Minor word-smithing to report.tex

f67d0da5 · Moe Jette · 0c276854 · f67d0da5
Commit f67d0da5 authored 22 years ago by Moe Jette
--- a/doc/pubdesign/report.tex
+++ b/doc/pubdesign/report.tex
@@ -53,8 +53,8 @@ License\cite{GPL2002}.
 {\em autoconf} configuration engine.  
 While initially written for Linux, other UNIX-like operating systems 
 should be easy porting targets.
-SLURM also supports a {\em plugin} mechanism, which permits a variety 
-of different infrastructures to be easily supported. 
+SLURM also supports a general purpose {\em plugin} mechanism, which 
+permits a variety of different infrastructures to be easily supported. 
 The SLURM configuration file specifies which set of plugin modules 
 should be used. 

@@ -80,8 +80,9 @@ User jobs may be configured to continue execution despite the failure
 of one or more nodes on which they are executing. 
 The user command controlling a job, {\tt srun}, may detach and reattach 
 from the parallel tasks at any time. 
-Nodes allocated to a job are available for reuse as soon as the allocated 
-job(s) to that node terminate.
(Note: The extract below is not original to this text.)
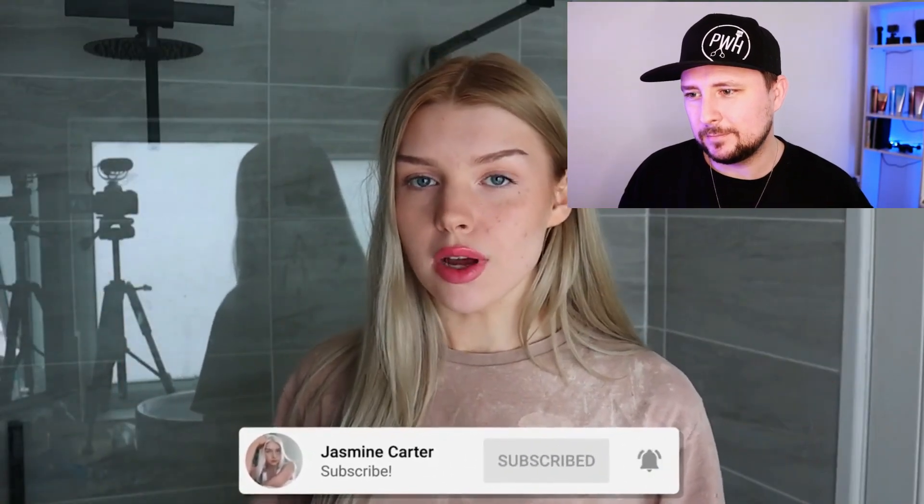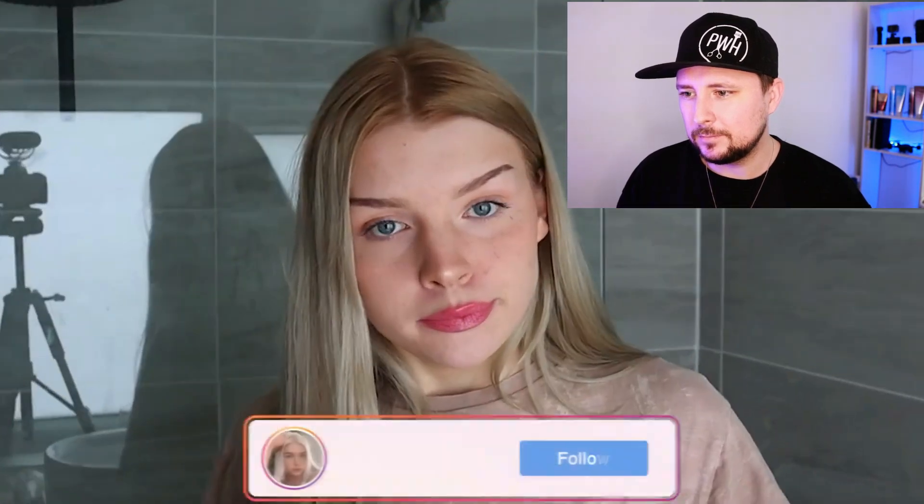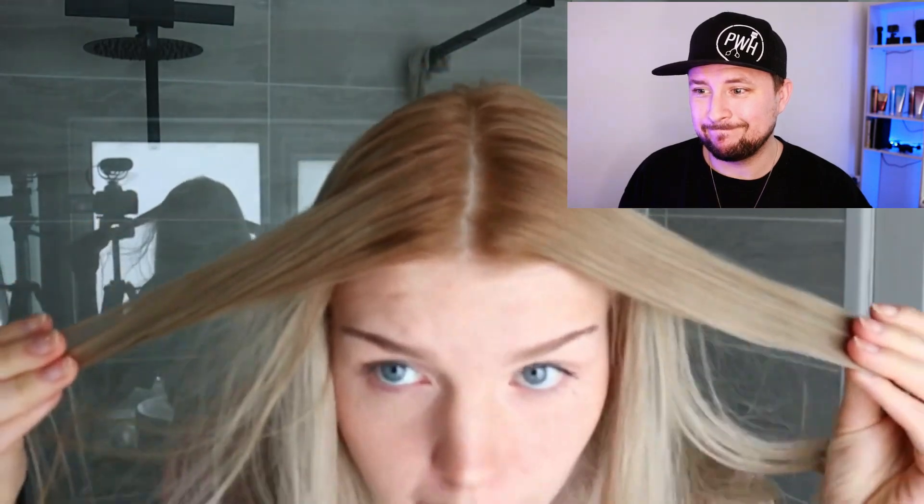Jasmine introduces her video saying she's going to fix her hair after choosing to dye it slightly down for blonde last time. She's attempting to fix what she did. She notes her roots are orange and she's the completely wrong shades throughout — too warm at the top, too cool at the bottom. Her solution? Put more color on it.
If some nodes fail to complete job termination 
+Nodes allocated to a job are available for reuse as soon as the job(s) 
+allocated to that node terminate. 
+If some nodes fail to complete job termination 
 in a timely fashion due to hardware of software problems, only the 
 scheduling of those tardy nodes will be effected.

@@ -97,7 +98,7 @@ entire cluster.
 simple configuration file and minimizes distributed state.  
 Its configuration may be changed at any time without impacting running jobs. 
 Heterogeneous nodes within a cluster may be easily managed.
-Its interfaces are usable by scripts and its behavior is highly 
+SLURM interfaces are usable by scripts and its behavior is highly 
 deterministic.

 \end{itemize}
@@ -169,8 +170,10 @@ compute resource in SLURM, {\em partitions}, which group nodes into
 logical disjoint sets, {\em jobs}, or allocations of resources assigned
 to a user for a specified amount of time, and {\em job steps}, which are
 sets of (possibly parallel) tasks within a job.  
-Priority-ordered jobs are allocated nodes within 
-partitions until the resources (nodes) within that partition are exhausted. 
+Each job in the priority-ordered queue is allocated nodes within a 
+single partition. 
+Once an allocation request fails, no lower priority jobs for that 
+partition will be considered for a resource allocation.
 Once a job is assigned a set of nodes, the user is able to initiate
 parallel work in the form of job steps in any configuration within the
 allocation. For instance a single job step may be started which utilizes
@@ -206,7 +209,8 @@ are explained in more detail below.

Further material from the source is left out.